Records excerpted from a collection:
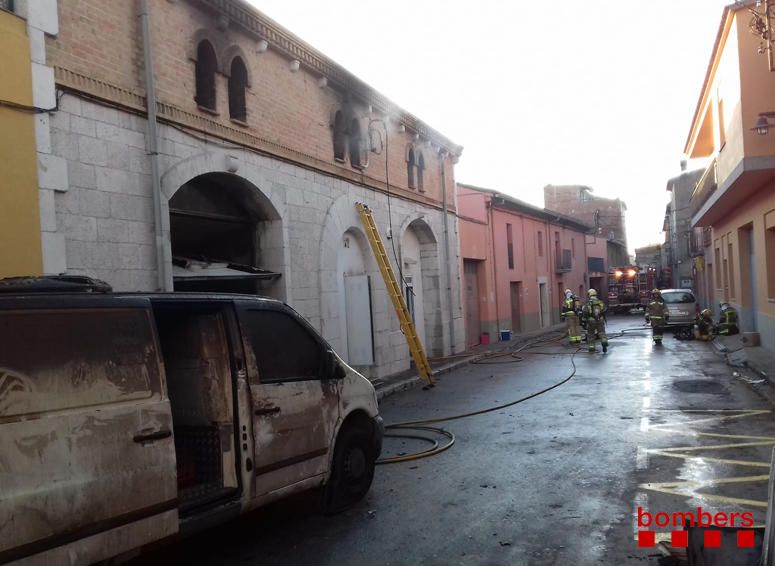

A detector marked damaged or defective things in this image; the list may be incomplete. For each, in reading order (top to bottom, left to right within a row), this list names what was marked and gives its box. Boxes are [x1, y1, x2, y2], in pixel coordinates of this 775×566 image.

charred vehicle door [0, 300, 177, 564]
burned van [0, 278, 384, 564]
charred vehicle door [238, 302, 342, 496]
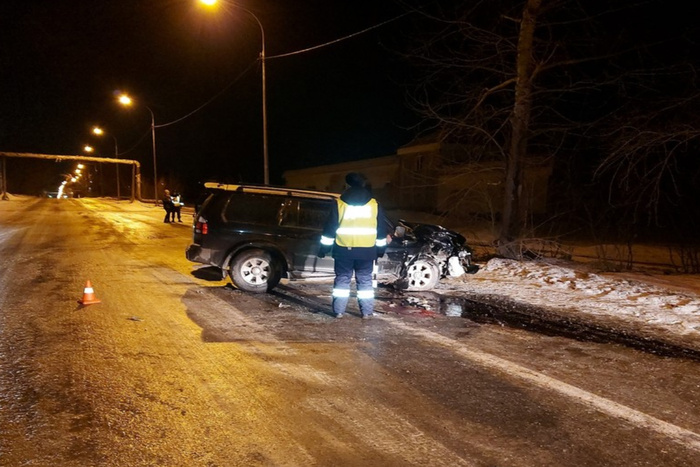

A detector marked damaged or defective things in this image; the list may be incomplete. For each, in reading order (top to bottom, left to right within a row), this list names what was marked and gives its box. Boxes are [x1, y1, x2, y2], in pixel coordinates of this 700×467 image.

What this task involves.
Write out every entry above exactly as it stands, minus the pictures.

Reply to the task.
A detector marked damaged or defective things in this image; the list may be incomplete. For each, in reading order (top to bottom, left to right within a row), this list names what was marked and gives its box. Boxes are [x1, y1, x2, y2], in pixel coordinates of this 775×566 image.

charred vehicle door [0, 300, 177, 564]
burned van [0, 278, 384, 564]
charred vehicle door [238, 302, 342, 496]

A detector marked damaged or defective things in this image; the list may be incomplete. For each, in reading order (top to bottom, left to right within a row), this list names what was marked and gives its box. Boxes are [x1, y1, x2, y2], in pixel coordinates of this 700×467 image.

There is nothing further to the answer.